“And Then We Danced/Ve Sonra Dans Ettik” filmi dört sene önce İsveç’in En İyi Uluslararası Film kategorisinde temsilcisi olmuştu. Filmin senarist ve yönetmeni Levan Akın’ın tanınırlığı da bu yapımla başlamıştı. Akın, İsveç vatandaşı olsa da Gürcü kökenli ve akrabalıkları bizim Karadeniz’e kadar uzanıyor. Yani Türkiye ile derin bağları da olan bir sinemacı. Yeni filmi “Crossing/Geçiş”i İstanbul’da çekmesi de sürpriz olmuyor dolayısıyla.
“Geçiş”, Gürcü emekli öğretmen Lia’yı takip ediyor. Kayıp yeğeni Tekla’nın İstanbul’a gittiğini öğrenince, şehri ve Türkçeyi bildiğini iddia eden genç Achi ile birlikte yola çıkıyor. Film boyunca Lia’nın yeğenini bulup bulamayacağı da İstanbul’da kalıp kalmayacağı da belirsizliğini koruyor.
“Geçiş”, Gürcüce ve Türkçenin cinsiyetsiz (yani öznenin kadın-erkek olarak ayrılmadığı) diller olduğu yazısıyla başlıyor.
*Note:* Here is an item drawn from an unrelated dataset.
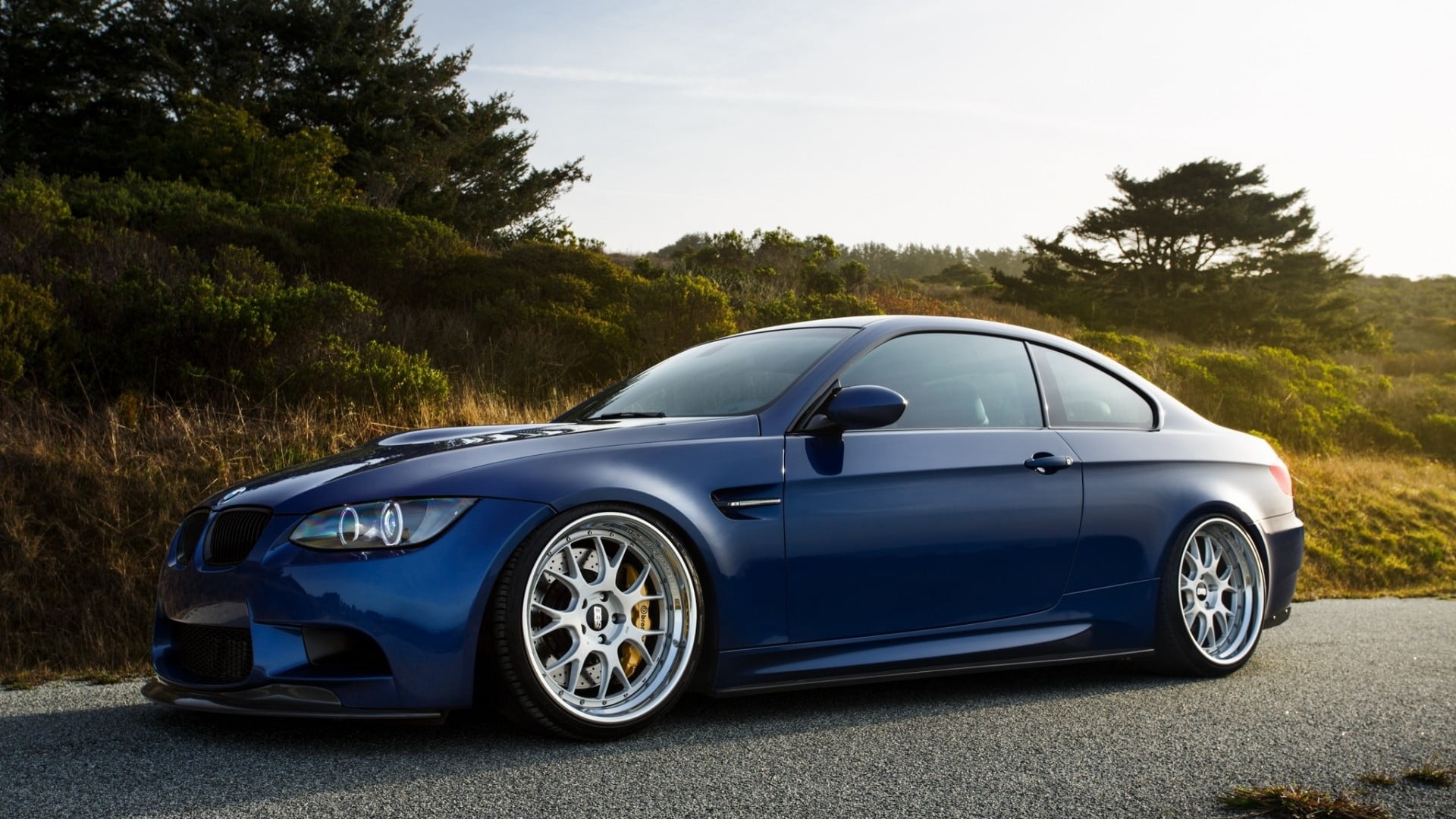 blue sedan, BMW, BMW E92, car, blue cars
Akın, önceki filminde olduğu gibi diğer ya da öteki diye görmezden gelinenlere doğrultuyor kamerasını. Tıpkı Atıf Yılmaz’ın “Gece, Melek ve Bizim Çocuklar”ında yaptığı gibi… Ama içeriden değil de dışarıdan bakıyor çoğunlukla… Özellikle de başlardaki İstanbul’u tasvir kısmında. Batıdan İstanbul nasıl görünüyor gibi… Avukat Evrim ile paralel akan hikâye ise seyirciye alışıldık bir hamle yapacakmış gibi sinyal veriyor ama klişelere teslim olmuyor, tersine merak duygusunu diri tutuyor. Senaryonun kalanında ise yeni bir bakış açısı ya da farklı bir yorum getirilmiyor filmde. Daha çok İstanbul fonunda Lia’nın kendisiyle hesaplaşıp önyargılarını kırması önceliklendiriliyor.
Duygusal bir film “Geçiş”, aynı zamanda güçlüklere rağmen umudu ve dayanışmayı da öne çıkarıyor. Karakteristik yüzüyle Mzia Arabuli, Lucas Kankava ve Deniz Dumanlı’nın performansları da seyirci üzerindeki etkiyi güçlendiriyor.
TV’den çıkan kötülük
Buluntu film tarzını sevenlere hitap eden bir korku filmi “Late Night with the Devil/Şeytanla Bir Gece”. 1977’de Cadılar Bayramı’nda Gece Baykuşları adlı talk show’da yaşananları anlatıyor. Reytingleri düşen Gece Baykuşları adlı şovun gidişatını değiştirmek isteyen Jack Delroy, eşi benzeri olmayan bir Cadılar Bayramı özel etkinliği planlar ama kötülüğü, Amerika’nın oturma odalarına salmak üzere olduğundan habersizdir.